TASK STATEMENT. All of the data that follows is to be printed exactly, without pictures.

Data excerpts
▽

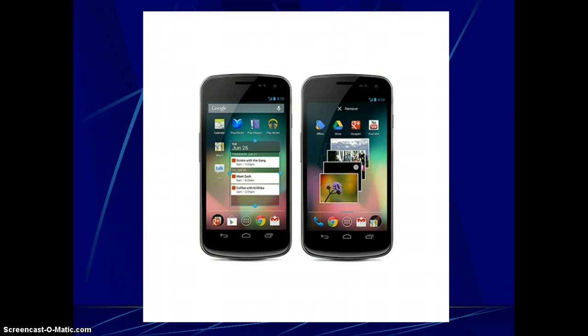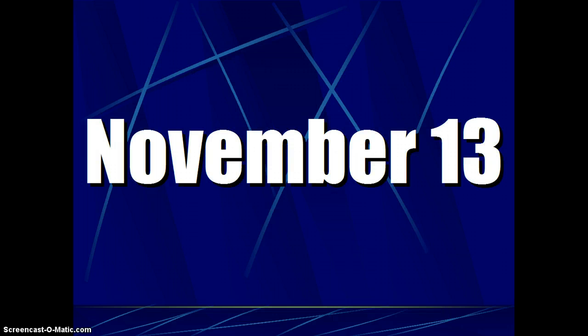After hearing all these new features, I'm sure you're wanting to know when you can try out Android 4.2 Jelly Bean for the first time. Unfortunately, Google has not yet revealed when the new version of Jelly Bean will become available for existing Android devices. However, we do know that the new Nexus lineup, which includes the all-new Nexus 4 smartphone and Nexus 10 tablet shipping on November 13th, will be preloaded with the latest version of Jelly Bean.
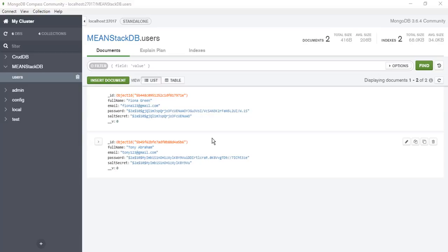So here we have come to the end of this MEAN stack part 1 tutorial. We discussed how to implement a Node.js API backend for user registration. In the next video we will add a beautiful frontend in Angular 6 for this MEAN stack application. You can download the project source code from the link in the video description. Please subscribe to this channel .netmob, and like and share this video. Have a nice day. Bye.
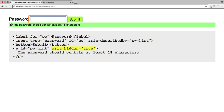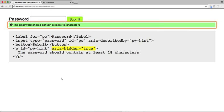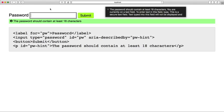Password edit text. The password should contain at least 18 characters. You are currently on a text field. To enter text in this field, type. This is a secure text field. Text typed into this field will not be displayed and will not be spoken by VoiceOver.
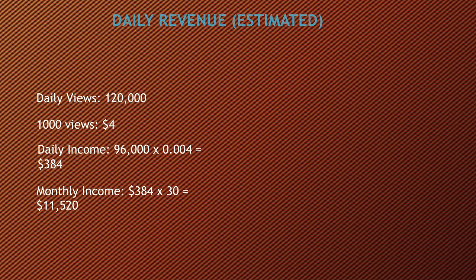Now the CPM, usually you take the views divided by a thousand views, which gives a YouTuber between three or five dollars. So let's say four dollars. Daily income is the monetized playback multiplied by the CPM. So 96,000 multiplied by 0.004, and you get $384.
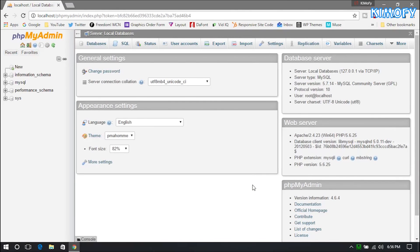That's about it for this installation of WAMP. If you guys like this video and want to see more videos like this, tell me in the comments down below — I read all the comments and reply to them. My name is Keemofy and I'll see you in the next one.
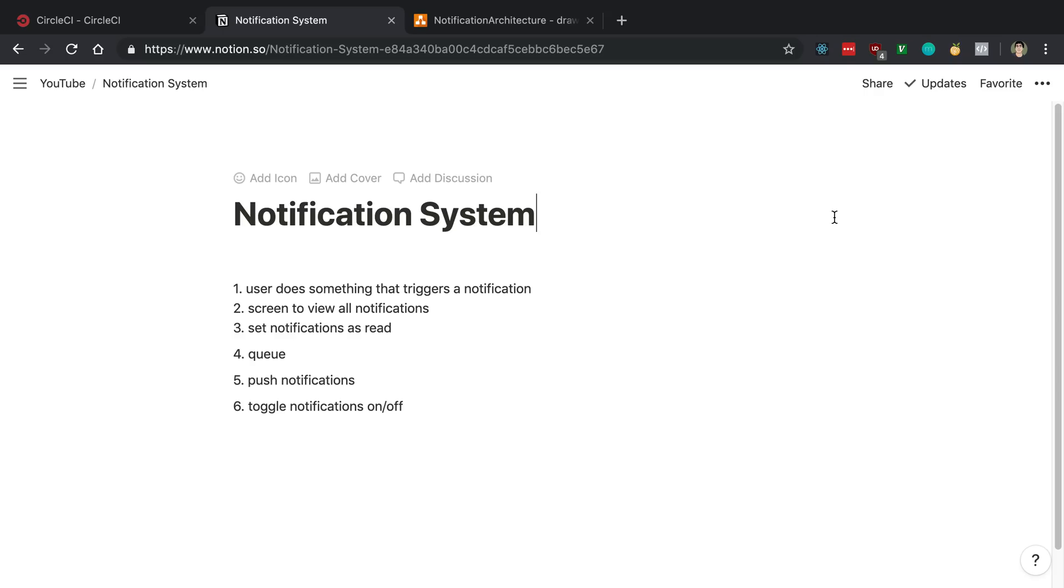And I may want to introduce a queue of some sort. I will talk about why you may want to queue in a little bit. And then also trigger push notifications in the browser and be able to toggle the push notifications on and off.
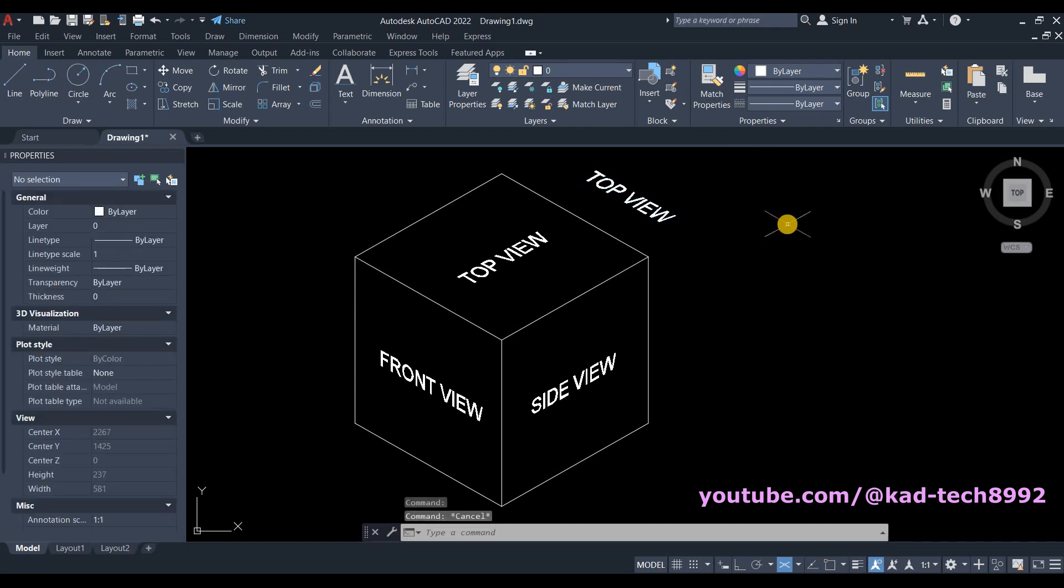Adding text on isometric drawing. So if you have questions or comments, just comment down below. And please don't forget to like, share, and subscribe for more AutoCAD video tutorials. Thank you for watching. See you next time. God bless.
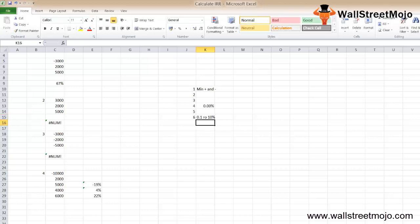IRR is closely related to NPV. The rate of return calculated by IRR is the interest rate corresponding to a zero net present value.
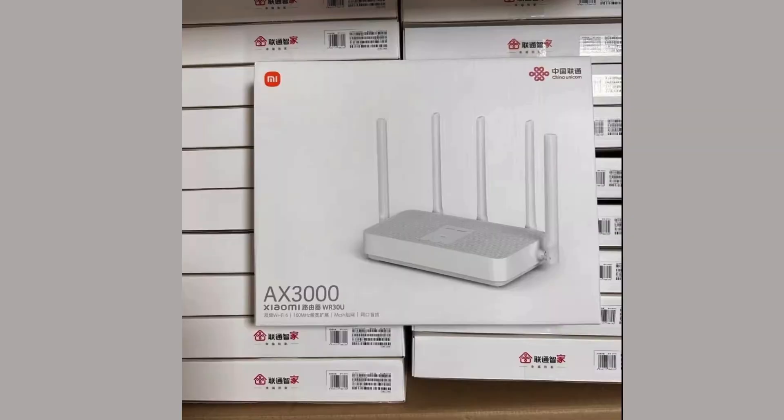Hi, this is Gary on how to get OpenWRT running on a Xiaomi WR30U router.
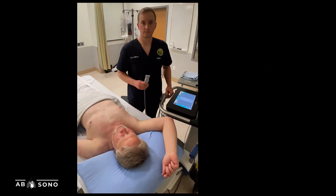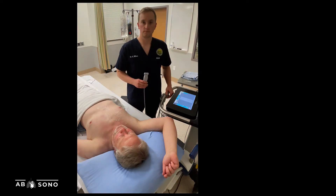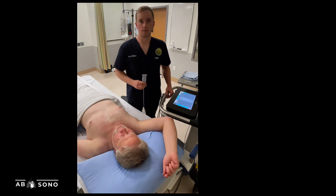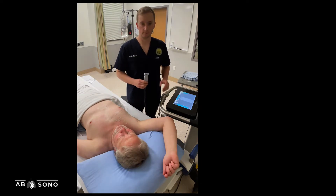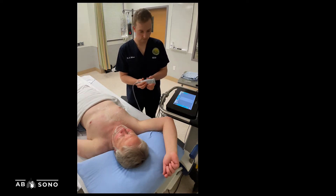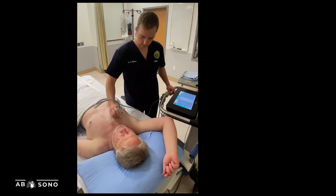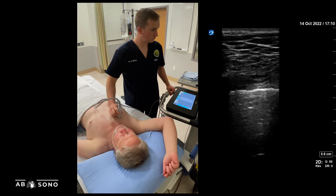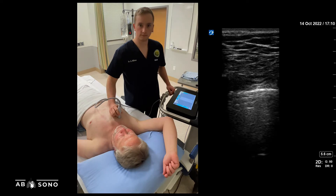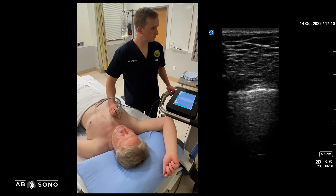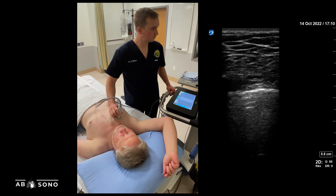For transthoracic lung ultrasound, let's start with a discussion of probe selection. As a high-frequency probe, the linear probe provides the greatest resolution of the pleural line. However, this comes with a penalty of greater attenuation and therefore poor resolution of deeper structures. If you are only interested in evaluating lung sliding, for example in ruling out pneumothorax, the linear probe is a reasonable choice.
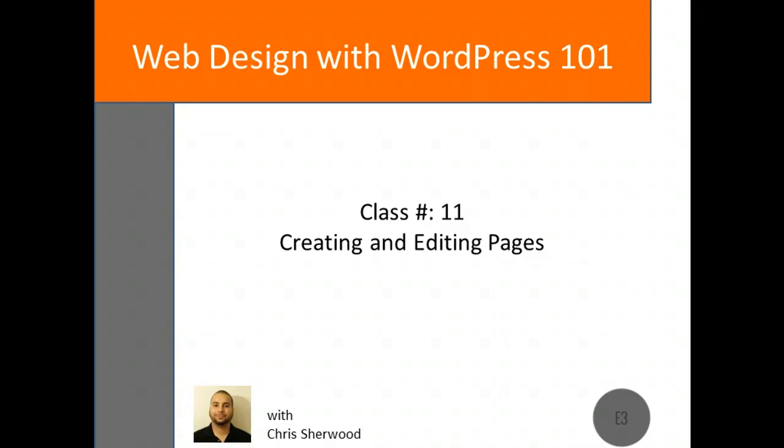Hi everyone, and welcome back to the Web Design with WordPress 101 course. Today we'll explore how to create pages using WordPress.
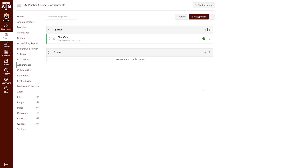For more information, training, and resources, please visit lms.tamu.edu. Thanks and Gig'em.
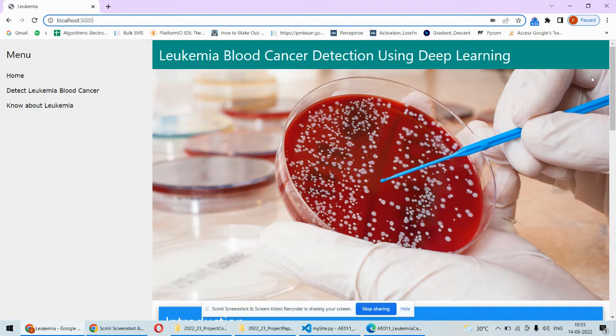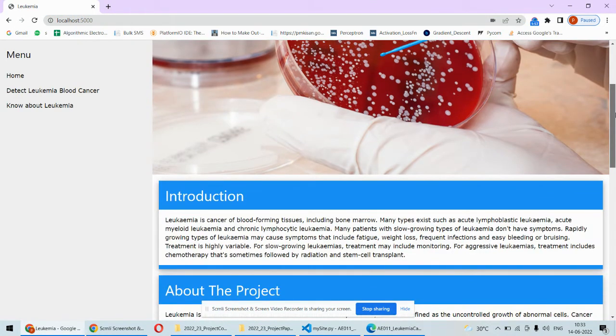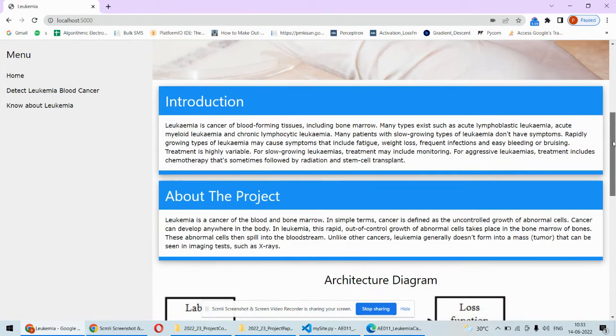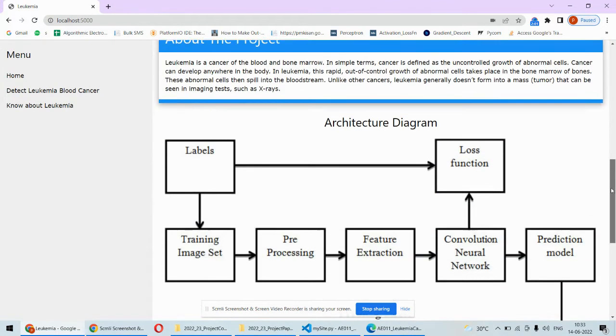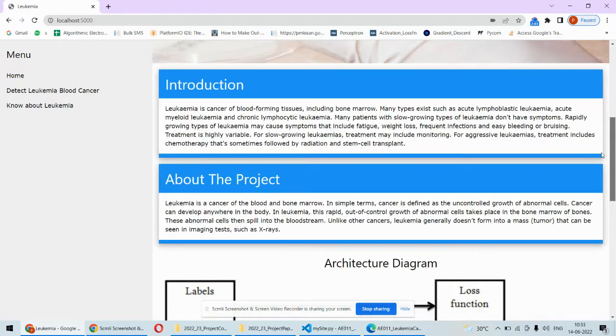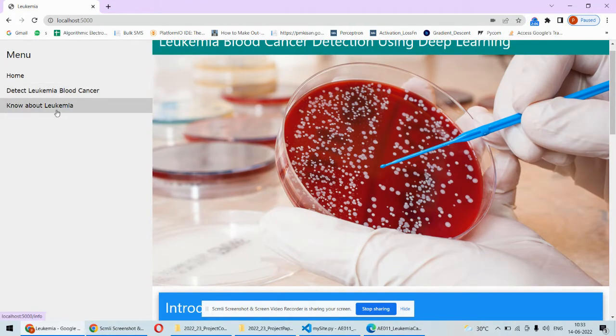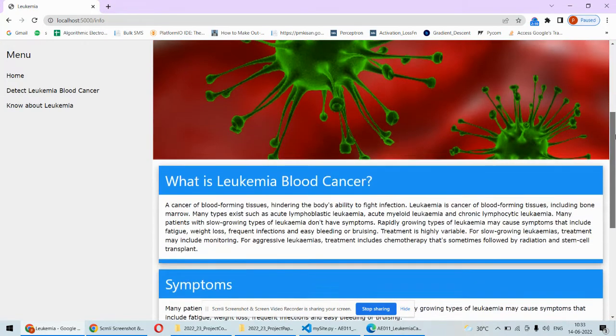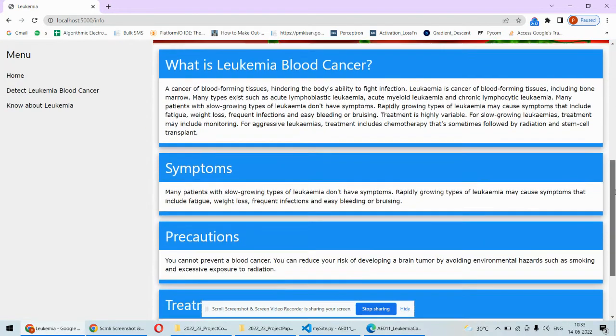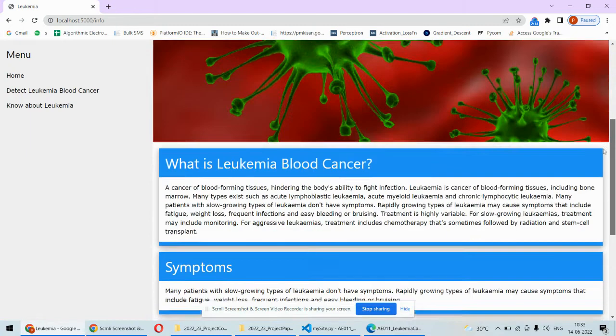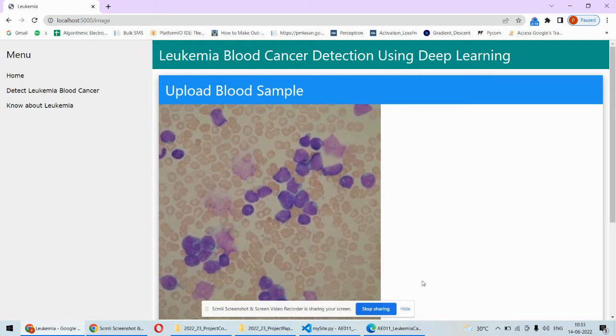The first page is the home page where we have the introduction about the project, architecture diagram, and other stuff, and then this is another important page. This is again a static page where we have some information about the symptoms and precautions. These are static pages; you may add multiple events. The main page is this where we will have to upload the blood sample.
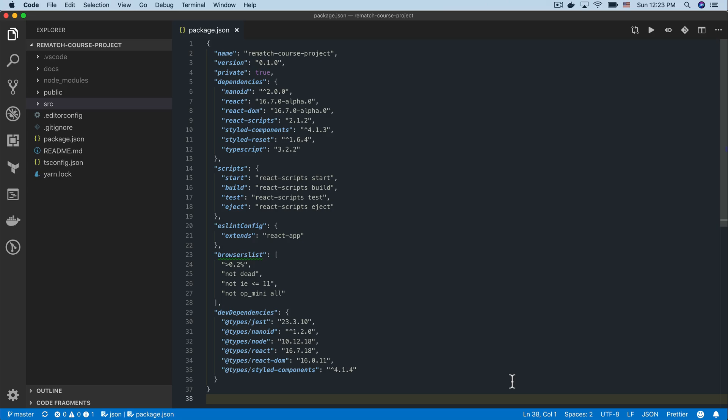Now let's take a quick look at what we'll be working with. The starter project was bootstrapped using Create React App CLI with TypeScript support. Rematch is written and has great support for TypeScript so we'll be using TypeScript in this project.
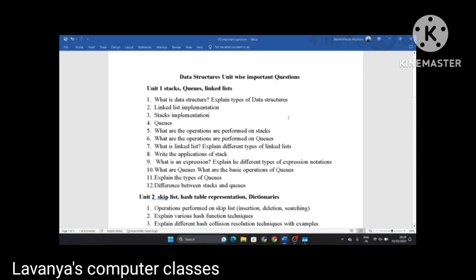Welcome to Lavanya's computer classes. In this video, I will explain data structures unit-wise important questions. This is for second year, first semester data structures. The important questions are long answer questions. One more video we will keep for short answer questions.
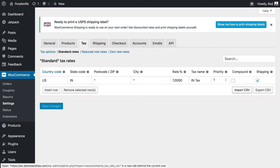Most stores are going to be just fine with the standard tax rates, but some stores sell products with additional taxes. Products like alcohol and cigarettes, at least here in the US, have special tax rates that you'll need to be aware of. You'll need to check what your products are and where you're selling them in order to make sure you get all of this right.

△

YOUR RESPONSE.
After hearing all these new features, I'm sure you're wanting to know when you can try out Android 4.2 Jelly Bean for the first time. Unfortunately, Google has not yet revealed when the new version of Jelly Bean will become available for existing Android devices. However, we do know that the new Nexus lineup, which includes the all-new Nexus 4 smartphone and Nexus 10 tablet shipping on November 13th, will be preloaded with the latest version of Jelly Bean.
So here we have come to the end of this MEAN stack part 1 tutorial. We discussed how to implement a Node.js API backend for user registration. In the next video we will add a beautiful frontend in Angular 6 for this MEAN stack application. You can download the project source code from the link in the video description. Please subscribe to this channel .netmob, and like and share this video. Have a nice day. Bye.
Password edit text. The password should contain at least 18 characters. You are currently on a text field. To enter text in this field, type. This is a secure text field. Text typed into this field will not be displayed and will not be spoken by VoiceOver.
Now the CPM, usually you take the views divided by a thousand views, which gives a YouTuber between three or five dollars. So let's say four dollars. Daily income is the monetized playback multiplied by the CPM. So 96,000 multiplied by 0.004, and you get $384.
That's about it for this installation of WAMP. If you guys like this video and want to see more videos like this, tell me in the comments down below — I read all the comments and reply to them. My name is Keemofy and I'll see you in the next one.
And I may want to introduce a queue of some sort. I will talk about why you may want to queue in a little bit. And then also trigger push notifications in the browser and be able to toggle the push notifications on and off.
Adding text on isometric drawing. So if you have questions or comments, just comment down below. And please don't forget to like, share, and subscribe for more AutoCAD video tutorials. Thank you for watching. See you next time. God bless.
IRR is closely related to NPV. The rate of return calculated by IRR is the interest rate corresponding to a zero net present value.
Hi, this is Gary on how to get OpenWRT running on a Xiaomi WR30U router.
For transthoracic lung ultrasound, let's start with a discussion of probe selection. As a high-frequency probe, the linear probe provides the greatest resolution of the pleural line. However, this comes with a penalty of greater attenuation and therefore poor resolution of deeper structures. If you are only interested in evaluating lung sliding, for example in ruling out pneumothorax, the linear probe is a reasonable choice.
Hi everyone, and welcome back to the Web Design with WordPress 101 course. Today we'll explore how to create pages using WordPress.
For more information, training, and resources, please visit lms.tamu.edu. Thanks and Gig'em.
The first page is the home page where we have the introduction about the project, architecture diagram, and other stuff, and then this is another important page. This is again a static page where we have some information about the symptoms and precautions. These are static pages; you may add multiple events. The main page is this where we will have to upload the blood sample.
Now let's take a quick look at what we'll be working with. The starter project was bootstrapped using Create React App CLI with TypeScript support. Rematch is written and has great support for TypeScript so we'll be using TypeScript in this project.
Welcome to Lavanya's computer classes. In this video, I will explain data structures unit-wise important questions. This is for second year, first semester data structures. The important questions are long answer questions. One more video we will keep for short answer questions.
Most stores are going to be just fine with the standard tax rates, but some stores sell products with additional taxes. Products like alcohol and cigarettes, at least here in the US, have special tax rates that you'll need to be aware of. You'll need to check what your products are and where you're selling them in order to make sure you get all of this right.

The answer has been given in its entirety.